## RECORDED INFORMATION
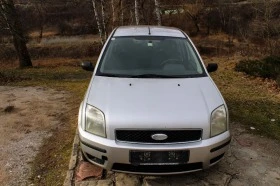 Ford Fusion 1.4TDCI НОВ ВНОС - [4] 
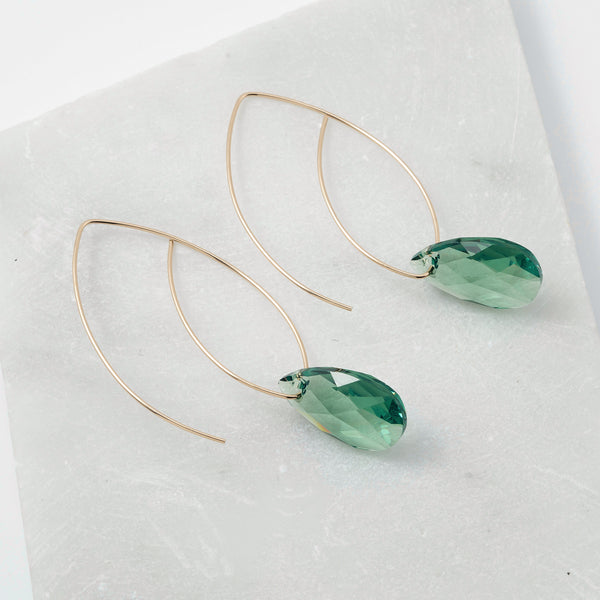 Amy Tamblyn Pathways - Large Crystal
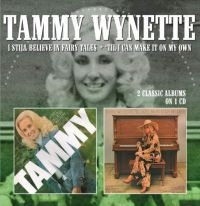 Wynette Tammy - I Still Believe../'Til I Can Make I i gruppen CD hos Bengans Skivbutik AB (2032395)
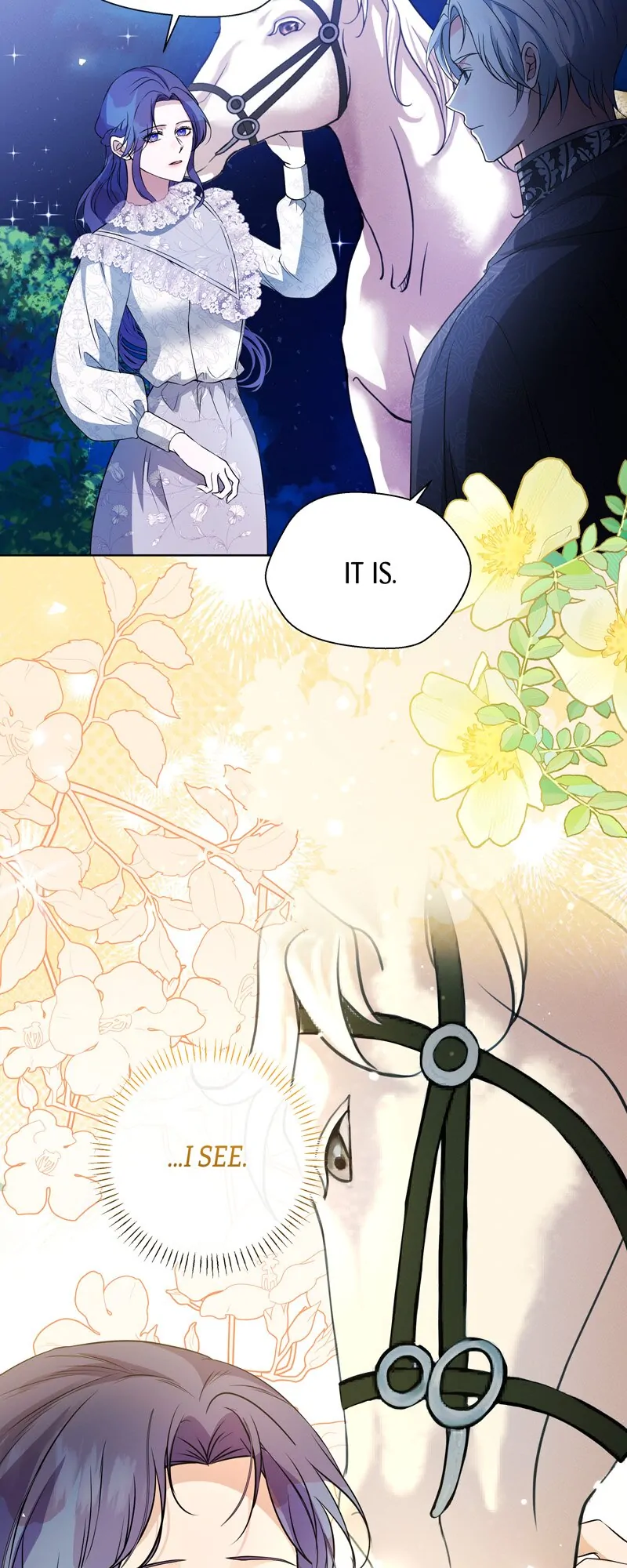 The Dame In Shining Armor chapter 9 page 53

## BRIEF
Return the listing verbatim, pictures excluded.

## SOLUTION FOR THIS TASK
 Ford Fusion 1.4TDCI НОВ ВНОС - [4] 
 Amy Tamblyn Pathways - Large Crystal
 Wynette Tammy - I Still Believe../'Til I Can Make I i gruppen CD hos Bengans Skivbutik AB (2032395)
 The Dame In Shining Armor chapter 9 page 53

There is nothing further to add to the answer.